Optimization design of supply chain network based on BP neural network performance evaluation and feedback mechanism

Abstract

SummaryThis paper proposes a supply chain network design method suitable for multi‐product and multi‐inventory models, and uses the improved BP neural network to evaluate and provide feedback on the collaborative performance of the supply chain, adjusting the supply chain network design scheme on time. In the context of the Internet of Things (IoT) in manufacturing, it has been found that supply chain operations are difficult to meet personalized customer needs with high precision and quality. Therefore, we adopted a dynamic library strategy, supply chain network optimization model, hybrid algorithm, and the improved BP neural network to solve the above problems. First, this paper designs a corresponding inventory strategy selection mechanism for the various ordering methods of retailers in the manufacturing IoT environment. Based on this, we have constructed a dual objective model for a sustainable supply chain network to minimize total cost and maximize customer satisfaction. Second, we have developed a hybrid improved Grey Wolf and Whale Algorithm (OLDGWOA) that can accurately solve the above model. The hybrid algorithm divides the population into two parts through opposition‐based learning, and then we use the improved grey wolf algorithm and whale algorithm to solve the two populations, and seek the optimal solution in the results, resulting in a hybrid algorithm. Finally, we constructed a supply chain performance evaluation model and feedback mechanism based on the improved BP neural network to adjust inventory strategies and network design at any time.
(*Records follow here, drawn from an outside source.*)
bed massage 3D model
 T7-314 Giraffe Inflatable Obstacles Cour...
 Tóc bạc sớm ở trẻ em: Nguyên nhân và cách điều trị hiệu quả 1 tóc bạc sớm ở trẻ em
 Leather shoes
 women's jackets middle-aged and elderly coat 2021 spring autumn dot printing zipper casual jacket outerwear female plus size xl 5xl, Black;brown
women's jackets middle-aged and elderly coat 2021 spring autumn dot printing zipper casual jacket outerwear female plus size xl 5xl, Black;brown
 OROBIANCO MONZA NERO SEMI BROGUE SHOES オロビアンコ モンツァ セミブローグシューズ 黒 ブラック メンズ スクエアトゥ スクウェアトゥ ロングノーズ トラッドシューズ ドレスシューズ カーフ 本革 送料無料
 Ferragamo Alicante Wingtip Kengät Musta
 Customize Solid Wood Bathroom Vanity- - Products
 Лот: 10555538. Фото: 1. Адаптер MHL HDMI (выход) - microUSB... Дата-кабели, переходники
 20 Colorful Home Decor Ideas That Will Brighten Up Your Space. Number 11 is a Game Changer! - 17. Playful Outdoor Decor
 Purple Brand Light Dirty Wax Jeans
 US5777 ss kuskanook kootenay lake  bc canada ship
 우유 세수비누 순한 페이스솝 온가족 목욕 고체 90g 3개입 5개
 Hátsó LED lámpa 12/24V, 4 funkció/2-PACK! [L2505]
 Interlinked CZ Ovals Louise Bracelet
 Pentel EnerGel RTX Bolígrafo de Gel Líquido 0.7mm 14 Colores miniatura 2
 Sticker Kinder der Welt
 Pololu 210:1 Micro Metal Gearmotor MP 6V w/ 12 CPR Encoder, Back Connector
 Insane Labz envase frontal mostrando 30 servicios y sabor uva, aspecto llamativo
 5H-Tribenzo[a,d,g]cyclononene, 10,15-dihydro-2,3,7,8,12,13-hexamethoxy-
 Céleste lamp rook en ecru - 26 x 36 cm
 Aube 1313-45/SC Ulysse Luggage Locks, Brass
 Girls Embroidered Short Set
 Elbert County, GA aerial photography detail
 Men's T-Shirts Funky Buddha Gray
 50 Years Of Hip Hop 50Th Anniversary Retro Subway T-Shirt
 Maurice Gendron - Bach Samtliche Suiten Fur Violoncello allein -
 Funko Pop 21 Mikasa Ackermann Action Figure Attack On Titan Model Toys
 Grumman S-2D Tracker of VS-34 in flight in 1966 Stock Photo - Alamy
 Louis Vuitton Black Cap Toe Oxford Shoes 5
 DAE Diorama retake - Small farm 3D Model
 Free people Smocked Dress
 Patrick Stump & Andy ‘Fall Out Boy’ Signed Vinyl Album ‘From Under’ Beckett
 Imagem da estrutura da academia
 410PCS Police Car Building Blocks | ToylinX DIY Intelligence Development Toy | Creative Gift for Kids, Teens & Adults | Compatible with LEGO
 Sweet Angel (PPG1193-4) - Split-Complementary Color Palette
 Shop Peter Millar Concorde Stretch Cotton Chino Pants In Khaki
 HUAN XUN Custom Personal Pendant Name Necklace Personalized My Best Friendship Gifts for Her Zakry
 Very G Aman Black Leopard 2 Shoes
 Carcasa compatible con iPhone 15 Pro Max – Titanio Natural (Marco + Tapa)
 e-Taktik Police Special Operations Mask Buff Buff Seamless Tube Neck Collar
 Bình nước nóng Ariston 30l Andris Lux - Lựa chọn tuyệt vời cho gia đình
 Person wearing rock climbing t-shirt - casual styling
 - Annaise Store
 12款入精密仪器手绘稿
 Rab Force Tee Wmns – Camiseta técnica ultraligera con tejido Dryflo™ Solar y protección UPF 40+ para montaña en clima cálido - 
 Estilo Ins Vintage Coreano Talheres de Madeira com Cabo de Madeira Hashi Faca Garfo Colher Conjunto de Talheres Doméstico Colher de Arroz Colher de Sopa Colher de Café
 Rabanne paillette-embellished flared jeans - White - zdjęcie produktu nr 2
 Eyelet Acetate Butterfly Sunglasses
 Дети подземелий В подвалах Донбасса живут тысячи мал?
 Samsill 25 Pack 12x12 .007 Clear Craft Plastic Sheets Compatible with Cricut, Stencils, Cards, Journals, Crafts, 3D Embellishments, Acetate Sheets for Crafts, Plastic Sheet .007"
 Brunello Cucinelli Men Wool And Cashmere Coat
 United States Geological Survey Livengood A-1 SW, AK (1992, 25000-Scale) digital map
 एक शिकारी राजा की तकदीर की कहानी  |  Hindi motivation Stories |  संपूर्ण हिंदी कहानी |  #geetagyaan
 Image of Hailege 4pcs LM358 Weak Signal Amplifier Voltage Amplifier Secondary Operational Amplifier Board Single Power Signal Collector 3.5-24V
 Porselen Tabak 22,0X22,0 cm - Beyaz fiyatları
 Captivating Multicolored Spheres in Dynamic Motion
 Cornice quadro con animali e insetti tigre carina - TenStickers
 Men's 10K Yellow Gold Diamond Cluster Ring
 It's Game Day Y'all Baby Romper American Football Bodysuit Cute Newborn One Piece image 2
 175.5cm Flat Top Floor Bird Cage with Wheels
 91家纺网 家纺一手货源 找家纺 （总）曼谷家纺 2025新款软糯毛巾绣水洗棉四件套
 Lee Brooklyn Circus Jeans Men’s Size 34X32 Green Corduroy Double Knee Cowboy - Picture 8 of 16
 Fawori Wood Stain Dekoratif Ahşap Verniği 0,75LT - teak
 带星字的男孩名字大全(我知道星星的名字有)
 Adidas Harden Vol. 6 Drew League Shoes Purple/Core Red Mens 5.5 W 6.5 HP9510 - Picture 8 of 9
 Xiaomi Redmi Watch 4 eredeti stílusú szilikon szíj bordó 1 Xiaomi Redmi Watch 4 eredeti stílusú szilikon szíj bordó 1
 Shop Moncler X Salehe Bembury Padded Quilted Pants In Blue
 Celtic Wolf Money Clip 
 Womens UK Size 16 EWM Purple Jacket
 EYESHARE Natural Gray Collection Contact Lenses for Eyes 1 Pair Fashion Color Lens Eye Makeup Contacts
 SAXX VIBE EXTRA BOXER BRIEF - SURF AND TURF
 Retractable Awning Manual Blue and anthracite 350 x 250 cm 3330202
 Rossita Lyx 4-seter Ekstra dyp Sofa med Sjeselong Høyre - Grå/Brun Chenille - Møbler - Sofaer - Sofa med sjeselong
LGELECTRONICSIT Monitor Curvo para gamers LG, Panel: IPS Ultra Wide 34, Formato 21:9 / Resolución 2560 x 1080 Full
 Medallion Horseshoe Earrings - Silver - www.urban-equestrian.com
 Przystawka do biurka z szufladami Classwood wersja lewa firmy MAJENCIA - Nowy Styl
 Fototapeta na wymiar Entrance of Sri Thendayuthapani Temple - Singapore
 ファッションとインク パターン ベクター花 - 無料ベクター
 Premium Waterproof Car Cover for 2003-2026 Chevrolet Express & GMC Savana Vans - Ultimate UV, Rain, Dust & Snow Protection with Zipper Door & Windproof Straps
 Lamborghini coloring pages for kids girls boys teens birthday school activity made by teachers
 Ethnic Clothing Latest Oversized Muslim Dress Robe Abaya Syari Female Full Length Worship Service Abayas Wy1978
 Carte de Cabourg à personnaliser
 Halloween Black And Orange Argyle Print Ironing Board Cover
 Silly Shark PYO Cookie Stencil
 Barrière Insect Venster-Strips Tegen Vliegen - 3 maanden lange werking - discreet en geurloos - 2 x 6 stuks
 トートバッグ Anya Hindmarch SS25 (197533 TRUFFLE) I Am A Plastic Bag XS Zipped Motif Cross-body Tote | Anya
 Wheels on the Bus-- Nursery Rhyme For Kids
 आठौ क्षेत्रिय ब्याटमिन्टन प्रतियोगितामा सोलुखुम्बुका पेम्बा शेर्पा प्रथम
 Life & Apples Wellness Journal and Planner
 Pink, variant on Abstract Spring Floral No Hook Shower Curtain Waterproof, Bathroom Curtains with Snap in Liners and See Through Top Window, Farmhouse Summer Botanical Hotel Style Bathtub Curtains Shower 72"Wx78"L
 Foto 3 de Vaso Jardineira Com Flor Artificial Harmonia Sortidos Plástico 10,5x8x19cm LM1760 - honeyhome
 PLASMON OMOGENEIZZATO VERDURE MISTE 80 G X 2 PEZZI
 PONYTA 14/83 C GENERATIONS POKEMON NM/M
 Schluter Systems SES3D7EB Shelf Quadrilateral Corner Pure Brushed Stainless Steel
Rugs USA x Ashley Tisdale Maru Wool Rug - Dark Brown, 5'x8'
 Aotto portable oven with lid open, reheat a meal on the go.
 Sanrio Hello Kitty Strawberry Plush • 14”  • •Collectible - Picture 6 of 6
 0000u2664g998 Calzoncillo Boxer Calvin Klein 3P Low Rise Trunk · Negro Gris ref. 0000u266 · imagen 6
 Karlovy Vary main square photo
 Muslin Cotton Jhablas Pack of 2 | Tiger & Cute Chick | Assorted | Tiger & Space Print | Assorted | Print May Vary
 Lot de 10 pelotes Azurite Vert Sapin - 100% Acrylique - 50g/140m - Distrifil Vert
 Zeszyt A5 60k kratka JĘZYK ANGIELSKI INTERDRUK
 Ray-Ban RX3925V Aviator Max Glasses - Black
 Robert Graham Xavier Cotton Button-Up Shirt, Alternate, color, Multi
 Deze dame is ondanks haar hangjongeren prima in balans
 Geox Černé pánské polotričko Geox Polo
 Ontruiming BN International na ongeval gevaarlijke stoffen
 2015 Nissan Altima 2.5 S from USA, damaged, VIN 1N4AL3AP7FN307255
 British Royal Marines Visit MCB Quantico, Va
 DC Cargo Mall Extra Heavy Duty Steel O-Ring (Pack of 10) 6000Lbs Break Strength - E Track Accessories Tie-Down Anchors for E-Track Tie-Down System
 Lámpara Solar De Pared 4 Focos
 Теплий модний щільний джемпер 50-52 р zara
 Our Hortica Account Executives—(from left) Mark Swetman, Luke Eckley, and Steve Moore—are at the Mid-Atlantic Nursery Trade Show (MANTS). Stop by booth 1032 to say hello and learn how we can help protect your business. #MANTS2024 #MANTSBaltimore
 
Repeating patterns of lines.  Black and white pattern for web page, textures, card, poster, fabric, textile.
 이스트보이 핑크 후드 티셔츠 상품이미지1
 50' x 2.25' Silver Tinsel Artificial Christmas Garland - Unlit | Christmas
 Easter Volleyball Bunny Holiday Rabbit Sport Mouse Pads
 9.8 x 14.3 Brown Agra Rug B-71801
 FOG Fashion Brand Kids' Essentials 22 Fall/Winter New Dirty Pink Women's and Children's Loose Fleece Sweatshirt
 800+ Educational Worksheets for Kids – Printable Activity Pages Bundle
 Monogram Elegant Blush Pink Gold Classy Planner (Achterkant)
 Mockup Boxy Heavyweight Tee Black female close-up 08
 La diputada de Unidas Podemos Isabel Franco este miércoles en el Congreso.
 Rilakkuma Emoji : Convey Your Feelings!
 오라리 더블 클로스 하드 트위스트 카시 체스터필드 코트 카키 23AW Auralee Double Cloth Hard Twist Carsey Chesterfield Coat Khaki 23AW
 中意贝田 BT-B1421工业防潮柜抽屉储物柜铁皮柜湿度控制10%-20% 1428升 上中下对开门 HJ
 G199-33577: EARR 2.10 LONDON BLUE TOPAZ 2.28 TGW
We also validated the developed model and algorithm through numerical examples, and the results showed that: (1) the hybrid algorithm has certain advantages in search and solution speed, (2) the advantages of supply chain network design based on supply chain performance evaluation and feedback mechanisms, and (3) the trade‐off between ordering methods and inventory strategies, as well as the trade‐off between location and inventory strategies.